From this database, the Maroua site surface and atmospheric parameters were selected, and related parameters such as the height (Z) and horizontal wind speed (Va) were computed.

2.2. Measured Meteorological Data

In 2014, ground-level meteorological data were measured daily in Maroua ( $10.614$${}^{\circ }$ N, $14.361$${}^{\circ }$ E; 398 m) [4]. The Integrated Sensor Suite (ISS), the UV sensor and the solar radiation sensor of the Davis Vantage Pro2Plus weather station [39] were used in that experiment. Data collected during the campaign were the wind speed and direction, the atmospheric pressure, the temperature, humidity, and global UV radiation in the spectral range (290–390 nm), and the global solar radiation in the spectral range (300–1100 nm). These were archived with three temporal resolutions: 30 min from January to August, 5 min for September and 1 min from October to December. We note that the DGSR values are averaged on each archive interval. Referring to the available 12:00 UTC ECMWF atmospheric profiles, 12:00 UTC meteorological data of this campaign were extracted to constitute an annual meteorological measurement database that will be used for further comparison.

2.3. MODTRAN Radiance Simulation with Standard and ECMWF Atmospheric Profiles

This subsection is a brief presentation of some features of the RTC MODTRAN4 Version 1 Revision 1 used for the simulations. One can refer to the user manual [40] or MODTRAN report [41] for more explicit explanations.

MODTRAN code is one of the state-of-art radiative transfer computer codes. It integrates over the radiance contribution of a finite number of homogeneous layers in order to obtain the transmittance or radiance for a specified atmosphere. The band model parameters are generated from the high-resolution transmission molecular absorption database HITRAN96 [42,43], and the code has a set of standard atmospheric profiles.

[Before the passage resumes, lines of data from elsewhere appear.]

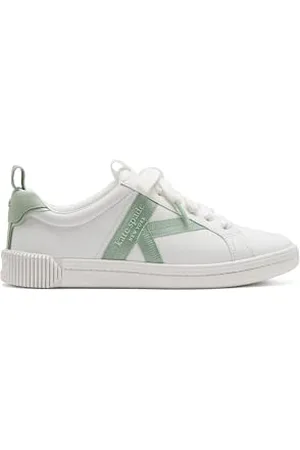 Kate Spade Signature Sneakers True White/Pistachio Größe 6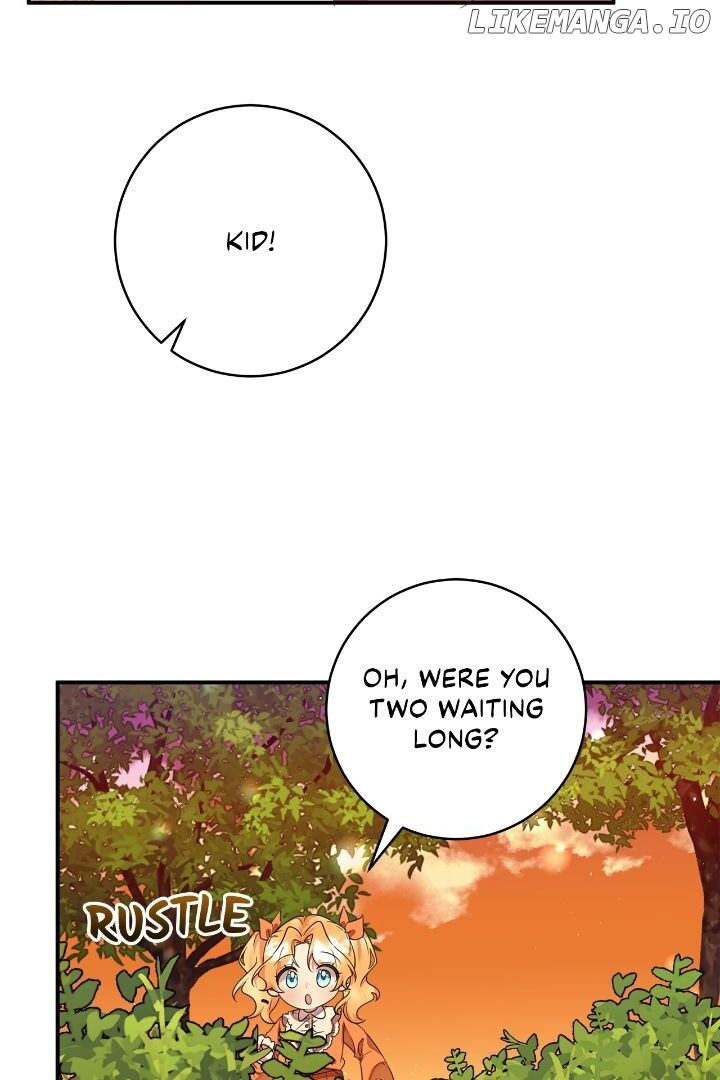 The Baby Hostage Is So Cute Chapter 45 - page 61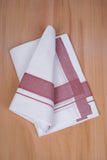 FCD-601 W/D DHOTI 3.80 MTR - Dark Pink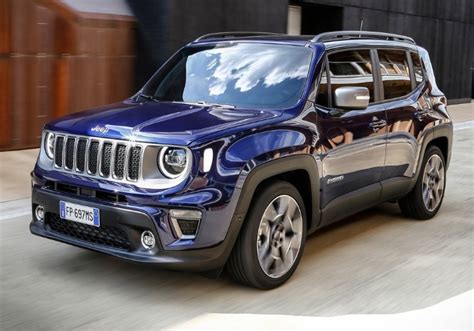 2020 Jeep Renegade Boot Space, Luggage Capacity & Size (1.3 SUV ...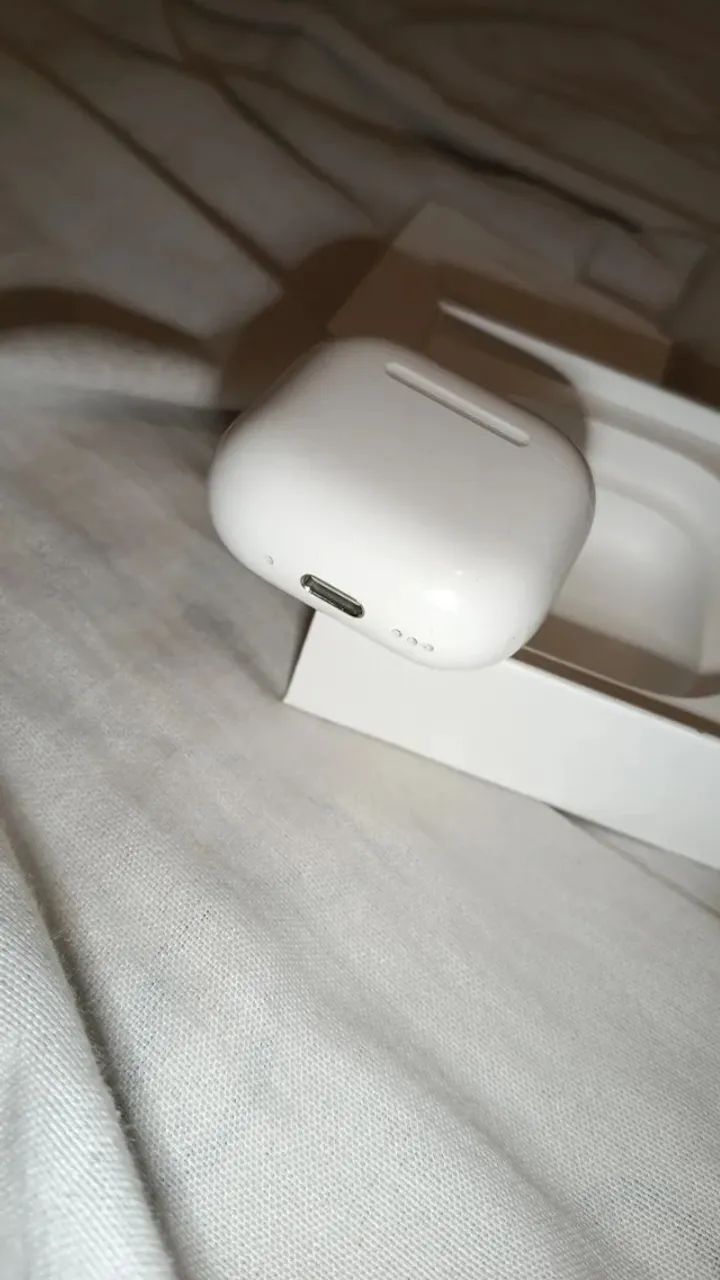 Air pods 4 com cancelamento de ruído ativo original da Apple - Foto 4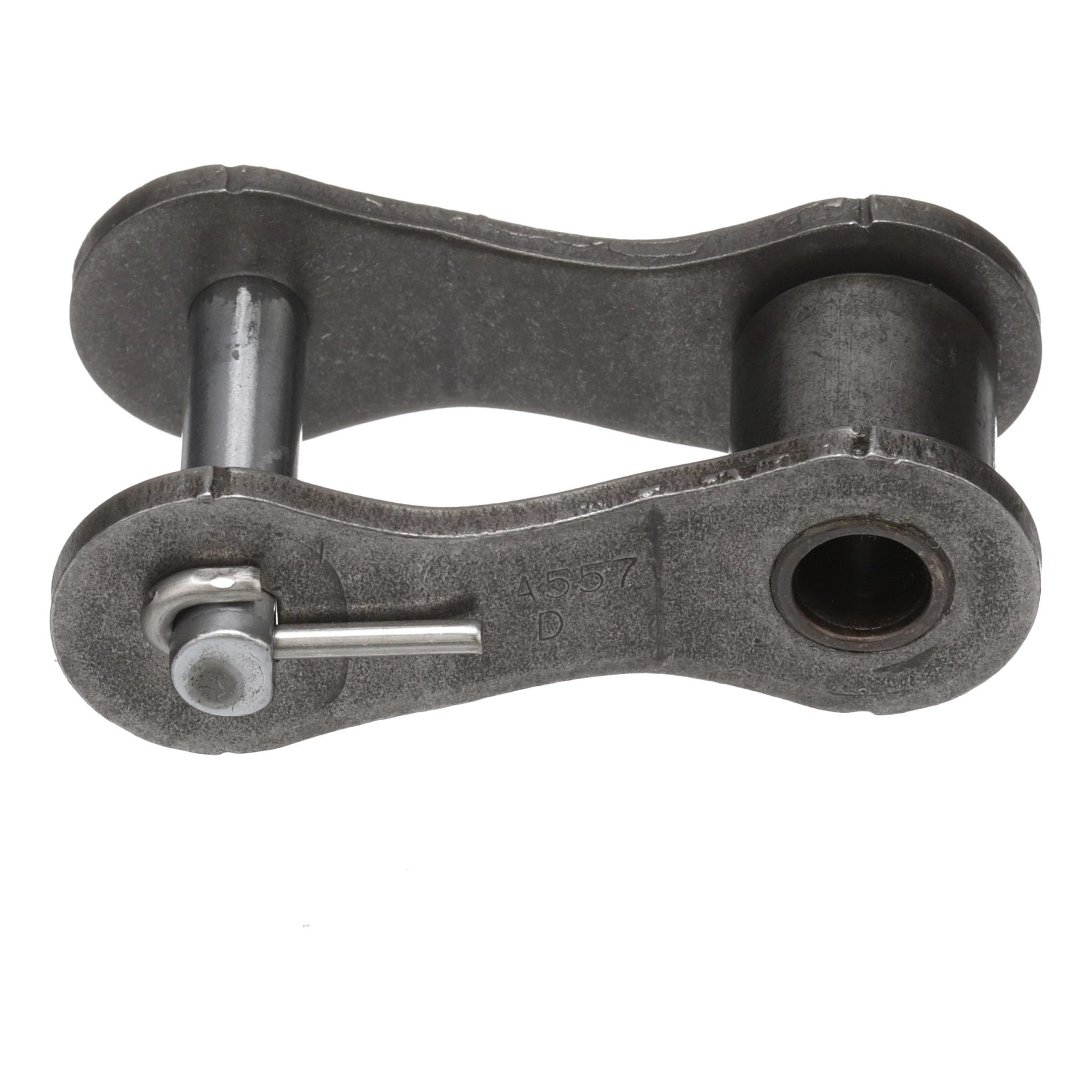 Elo de conexão para corrente de rolos agrícola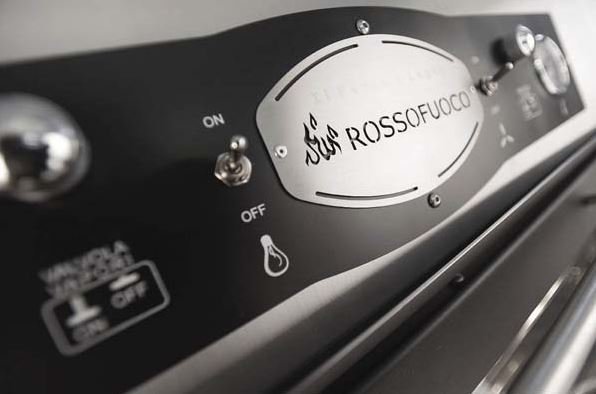 Forno a legna Rossofuoco Sedicinoni Inox da esterno - Barzotti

The inputs of each MODTRAN simulation stand on one single input file (file_name.tp5) constituted of at least five CARDs. A CARD is a line of up to 80 characters using a fixed-format input. This file enables the user to choose among six geographical–seasonal standard atmosphere models, derived from 1986 Air Force Geophysics Laboratory (AFGL) atmospheric constituent profiles, or to specify a user-defined meteorological or radiosonde data profile (MODEL = 7). According to the Maroua geographical situation, we chose the “Tropical Atmosphere” profile (MODEL = 1) for the standard simulations. The total amount or vertical distribution of atmospheric constituents in this case was fixed to their default values. The parameter IHAZE identifies the aerosol model type used for the boundary layer (0–2 km) and default visibility (VIS).

Table 1. Description of MODTRAN default aerosol models that can be used in the site of Maroua. IHAZE is the aerosol model identifier and VIS represents the visibility.

IHAZE	Description
0	No aerosol or cloud attenuation included in the calculation
1	RURAL extinction; default VIS = 23 km
2	RURAL extinction; default VIS = 5 km
5bis	URBAN extinction; default VIS = 23 km
5	URBAN extinction; default VIS = 5 km
10	DESERT extinction; sets visibility from wind speed

presents the default aerosol models that could be used at the site of Maroua, considering its geographical situation. The new model IHAZE = 5bis with VIS = 23 km, derived from the model IHAZE = 5, has been added for comparison purposes. A wide range of cloud types, or none, can also be inserted into the atmosphere modeling. Simulations were made in the spectral range (300–1100 nm) with a resolution of 1 nm. Downward normal direct and diffuse solar radiation returned by MODTRAN were finally summed to calculate the DGSR.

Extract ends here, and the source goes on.